Audit, v3.0 (including ERC20 version)¶
Exported by Edmund Edgar from Original audit document (PDF).
Reality 3.0 / August 2021¶
Files in scope¶
https://github.com/RealityETH/monorepo/blob/064855bfd8c80a0bcf3da7b73936ce477e99b635/packages/contracts/development/contracts/RealityETH-3.0.sol https://github.com/RealityETH/monorepo/blob/064855bfd8c80a0bcf3da7b73936ce477e99b635/packages/contracts/development/contracts/RealityETH_ERC20- 3.0.sol
Current status¶
All issues have been fixed by the developer. There are no know issues in https://github.com/RealityETH/monorepo/blob/e4584d7cf6ab2d9a5b129bd970b7d4517811ae6a.
Issues¶
1. Incorrect bond payout on UNRESOLVED_ANSWER¶
type: faulty implementation / severity: medium
When last answer is unrevealed and best answer is UNRESOLVED_ANSWER, the bond from the unrevealed answer will be paid to address(0) instead of to the winner which would we be the case if the best answer wasn’t an UNRESOLVED_ANSWER.
status - fixed
Issue has been fixed and is no longer present in https://github.com/RealityETH/monorepo/blob/e4584d7cf6ab2d9a5b129bd970b7d4517811ae6a
2. Arbitration can be initiated even with no valid answer, resulting in premature finalisation after the arbitration is cancelled¶
type: security / severity: medium
Arbitration can be initiated after an answer commitment is posted, even if no revealed answers have been posted, after this arbitration is cancelled the question will be finalised after finalize_ts seconds, even though no answer has been provided.
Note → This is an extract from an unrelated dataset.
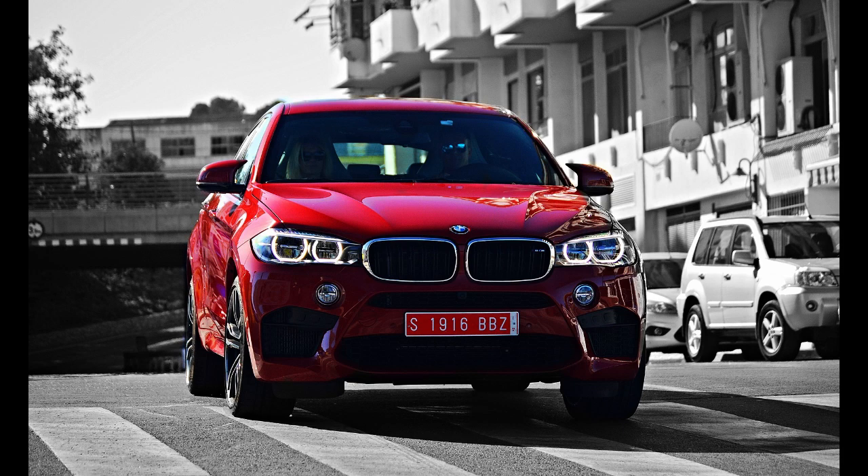The BMW X6 is a mid-size luxury crossover SUV by German automaker BMW. The BMW X6 is the originator of the Sports Activity Coupe (SAC), referencing its sloping rear roof design. It combines the attributes of an SUV — high ground clearance, all-wheel drive and all-weather ability, large wheels and tires — with the stance of a coupe, styling featuring a sloping roof.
In results all bonds will be paid out to address(0), bounty will become unretrievable and best_answer will be set to 0.
status - fixed
Issue has been fixed and is no longer present in https://github.com/RealityETH/monorepo/blob/e4584d7cf6ab2d9a5b129bd970b7d4517811ae6a
3. answer_takeover_fee credited to second answer depends on the way answers are processed¶
type: security / severity: medium
In claimWinnings answer_takeover_fee is inconsistently calculated, it is being subtracted from bounty if the winning answer and second best answer are processed in one go, but if they are processed separately, the whole bounty amount is reserved for the winner and can’t by used for the fee.
status - fixed
Issue has been fixed and is no longer present in https://github.com/RealityETH/monorepo/blob/e4584d7cf6ab2d9a5b129bd970b7d4517811ae6a
Notes¶
RealityETH_ERC20-3.0.sol should not be used with ERC20-like token contracts that implement callbacks like ERC777 due to potential re- entrancy issues.